Seventy years after he served in the treacherous waters of the Arctic Circle and escaped death not once but twice, Second World War veteran Thomas Bowen Jones was rewarded for his courage.
Jones, 91, was honoured Saturday with the Arctic Star, a campaign medal the United Kingdom bestows on veterans who served above the 66th parallel.
Kamloops-Thompson-Cariboo MP Cathy McLeod delivered the medal to Jones during a ceremony at the Royal Canadian Legion while his family and dignitaries watched.
Although he risked his life during several convoy missions to Murmansk, Russia, the former petty officer with the Royal Navy said he's not a hero.
To Jones, the real heroes are the men from his small Welsh village who died during the war and his comrades on the HMS Lark who perished in the frigid Atlantic waters when it was hit by a German torpedo
"Those people who died for their country, they are the heroes," said Jones, upon receiving the Arctic Star.
The Lark was Jones' second vessel during those long, cold missions in waters Winston Churchill called the worst journey in the world.
His first, the HMS Woodpecker, was torpedoed in February 1944. Fortunately, the torpedo struck a part of the vessel that was unmanned at the time because the ship was out of depth charges after sinking six U-boats, said Jones.
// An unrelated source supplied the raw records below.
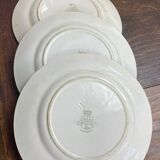 Iron clay dishes, Longwy, Violetta collection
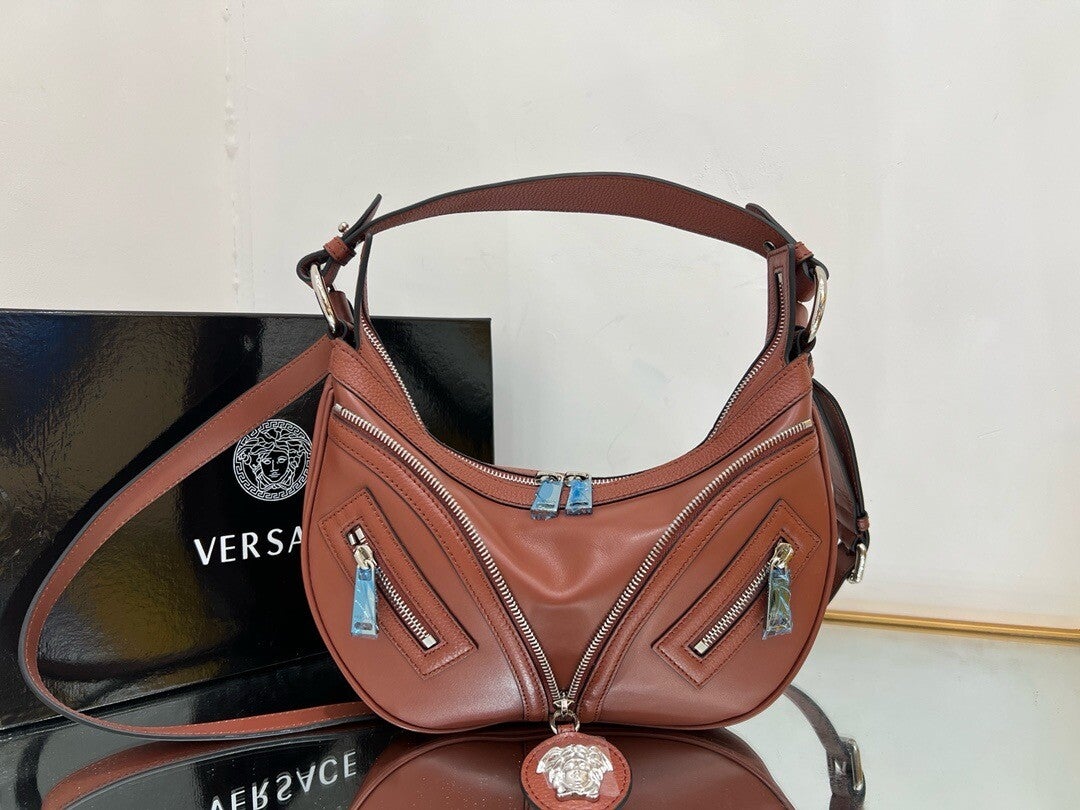 Medusa Versace's new crescent bag  cross-body/underarm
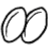 A black and white drawing of two ovals  AI-generated content may be incorrect.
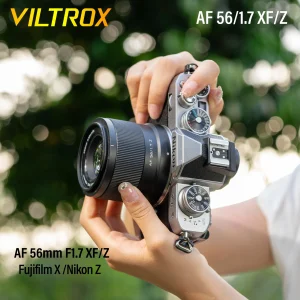 VILTROX 56mm f1.7 Fuji X Obiettivo Nikon Z Mount Obiettivo Messa a fuoco automatica Ritratto Obiettivo APS-C per Fujifilm X Mount Camera X-T4 X-T5 T200 Z30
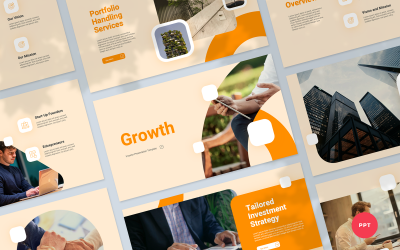 PowerPoint-sjabloon voor beleggerspresentatie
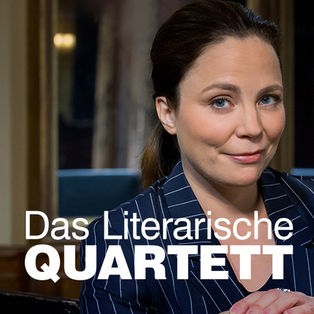 Das Portraet von Thea Dorn und die Schrift „Das Literarische Quartett"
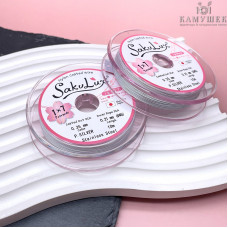 Тросик ювелирный SakuLux (Flexy7) 1x7 струн Светлое Серебро 0,35мм 10м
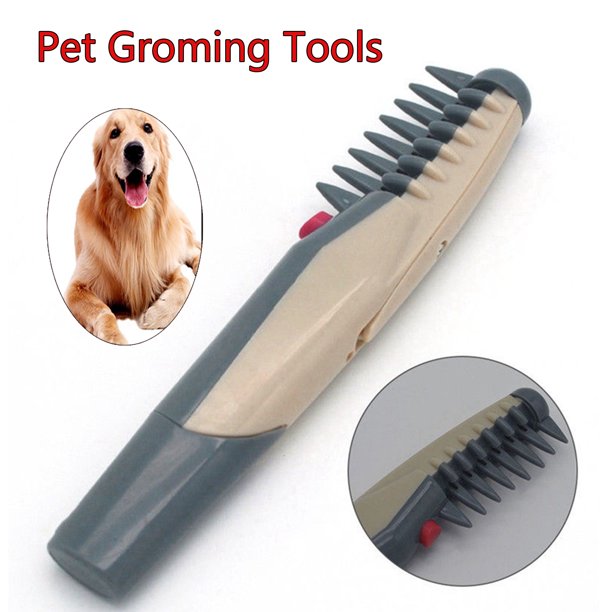 DODOING Electric Dog Cat Grooming Comb Groomer Pet Hair Scissor Trimmer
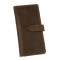Портмоне мужское длинное Grande Pelle 523120 в цвете шоколад 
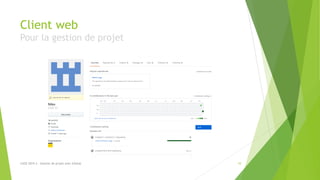 Client web
Pour la gestion de projet
10LUGE 2019.3 - Gestion de projet avec GitHub
 
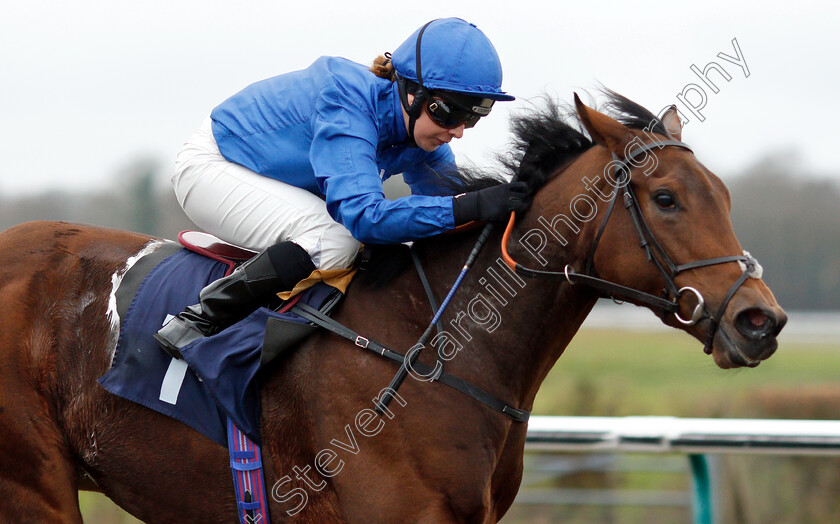 Cantiniere-0005 
 CANTINIERE (Hayley Turner) wins The sunracing.co.uk EBF Novice Stakes
Lingfield 5 Dec 2018 - Pic Steven Cargill / Racingfotos.com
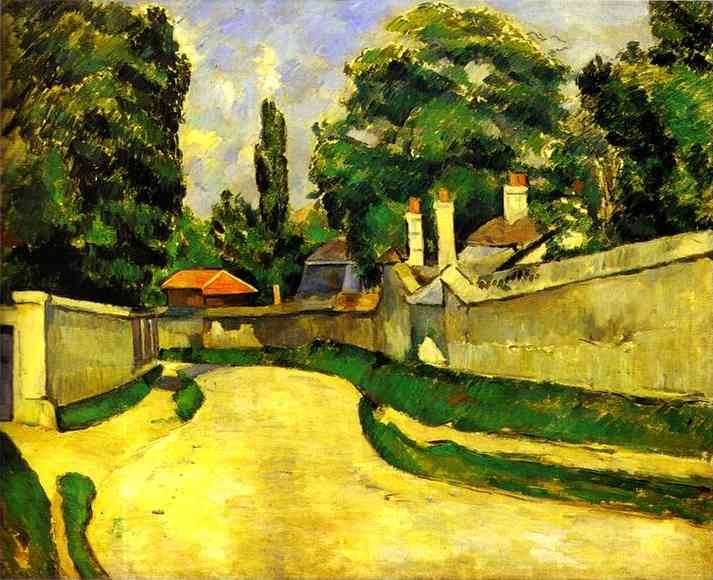 Houses on the Roadside by Paul Cézanne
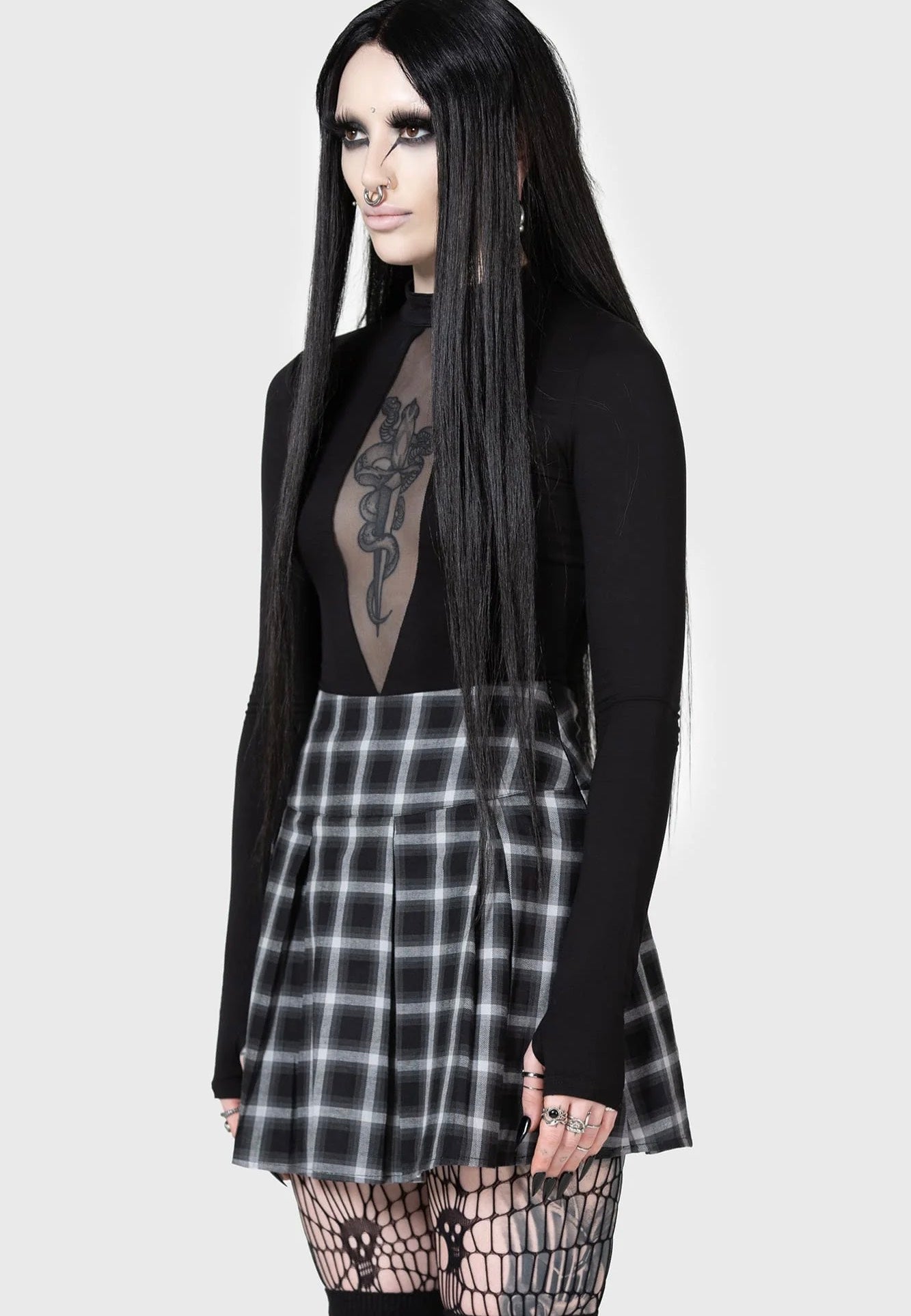 Killstar x Kihilist - Artem Black - Skirt | Women-Image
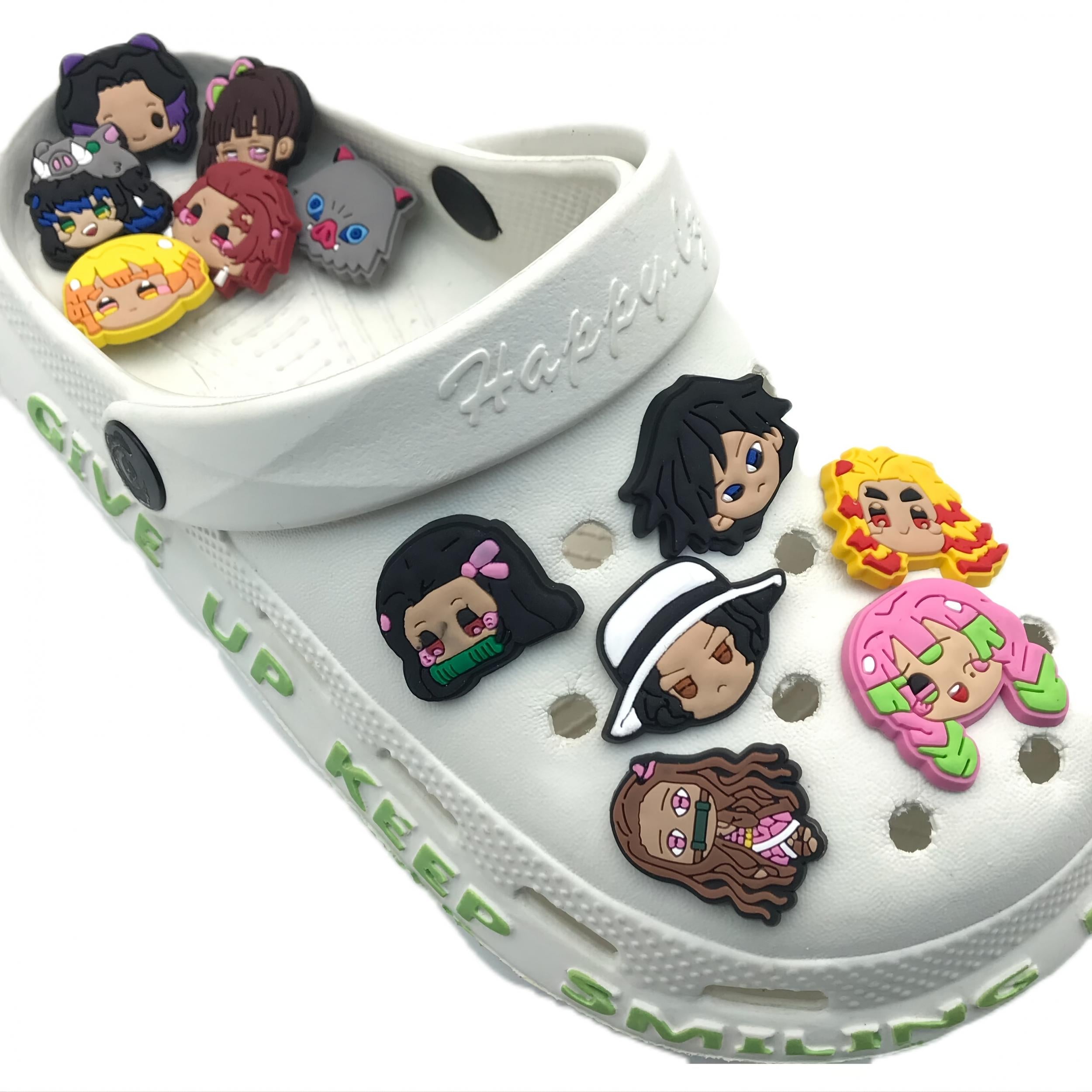 12pcs Cartoon Shoes Charms for Clogs Jigs Slides Sandals PVC Decorations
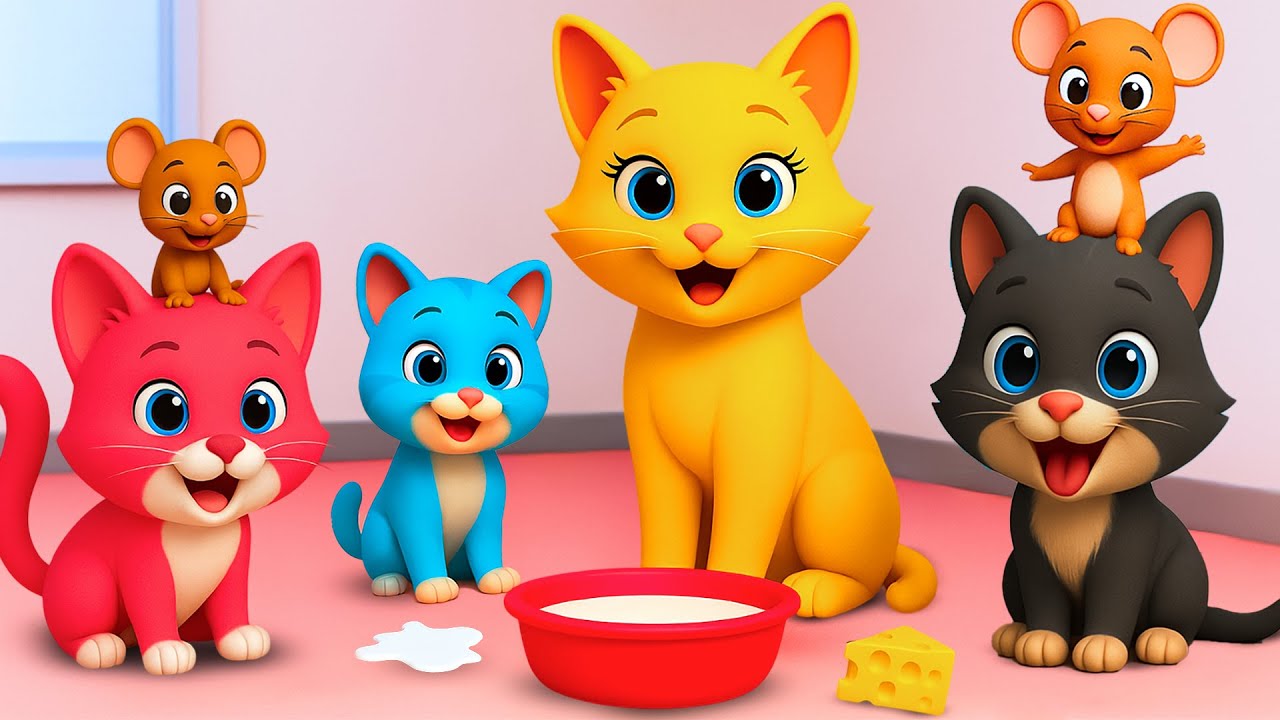 Billi ke Bache | Cat Cartoon | Cat Meowing | Cat | Kittens | Cat Videos ...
"Nobody was killed. Not one," he said. "It was marvelous."
His village, however, did not fare as well, he said. Of the 1,500 people who lived there at the time, 19 didn't return from the war.
"Those are the people who should have got the medal," said Jones.
Still, Jones appreciates the recognition and the effort his son-in-law, Jim Bench, put into getting him the Arctic Star.
Bench told the ceremony he was compelled to explore his father-in-law's war history because Jones never talked about it in detail, he said.
Knowing what Jones did, Bench wanted to celebrate his father-in-law's Arctic Star with an event in his honour, he said.
Representatives from the Royal Canadian Navy and Rocky Mountain Rangers attended the ceremony. Commander Stan Bates of the navy said the work Jones did was crucial to keeping Britain's Russian allies supplied while they fought the Nazis.
Bates said the route to Murmansk was fraught with peril, including fierce storms that tossed ships like toys and ice floes that are hard to detect.
"Not to mention the ever-present danger lurking beneath the surface," he said of the U-boat submarines.
Legion past president Dave Warriner emceed the ceremony. To the best of his knowledge, Jones' Arctic Star is the first awarded in Canada.